L'invitation à approfondir la question, au contraire, ne va pas dans le sens de l'admission à la communion, mais de la réflexion sur la validité de certains mariages. A Introd, il cite expressément la «situation particulièrement douloureuse pour ceux qui étaient mariés à l'église, mais n'étaient pas vraiment croyants et l'ont fait par tradition, et ensuite se trouvent dans un nouveau mariage non valide, se convertissent, trouvent la foi et se sentent exclus du sacrement». Ce que demande Benoît XVI est donc une réflexion sur les mariages sacramentels sans foi, un problème qui, si d'un côté, il a à voir avec le jugement sur la validité du sacrement lui-même, de l'autre fait référence à la façon dont les prêtres préparent les couples au mariage .

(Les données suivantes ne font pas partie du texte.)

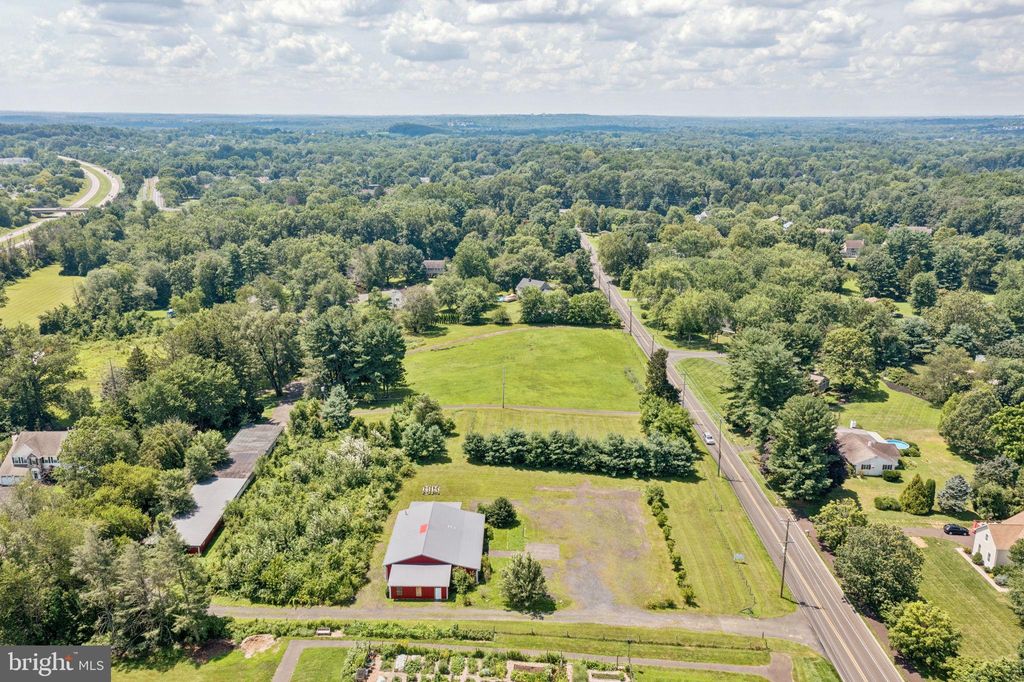 Photo of 925 E Sandy Ridge Road, DOYLESTOWN, PA 18901 (MLS # PABU2101490)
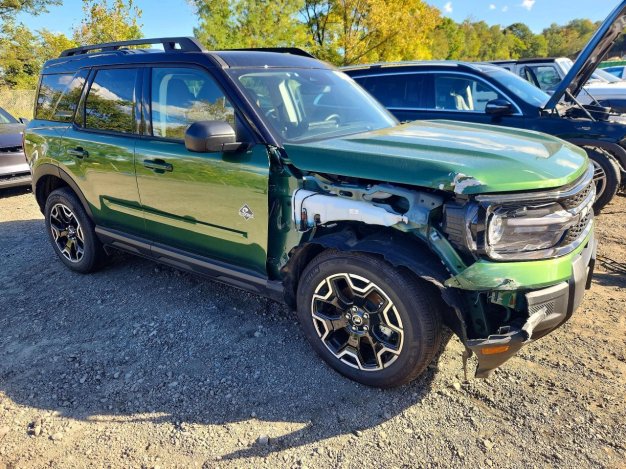 2025 Ford Bronco Sport OUTER BANKS in Green - Front Three-Quarter View - BidGoDrive Inventory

Et c'est ce que Kasper et cie se gardent bien de faire, préférant le raccourci de la «Communion pour tous», une sorte de «6 (sei) politico» (une revendication de 'mai 68' en Italie, associée au "vote pour tous") appliqué aux sacrements. Et ne dites pas qu'il faudra des conditions précises et un chemin pénitentiel rigoureux: quelles conditions peut-on exiger quand déjà aujourd'hui, dans une grande partie des Eglises européennes, des prêtres et des évêques ne se font pas de scrupules à admettre à la communion des divorcés remariés (et pas seulement eux) sans même passer par la confession?

De toute façon, l'intervention du pape émérite régle le problème: au moins, que ceux qui veulent admettre les divorcés remariés à la communion n'essaient de recruter ni le jeune Ratzinger ni le vieux Benoît XVI.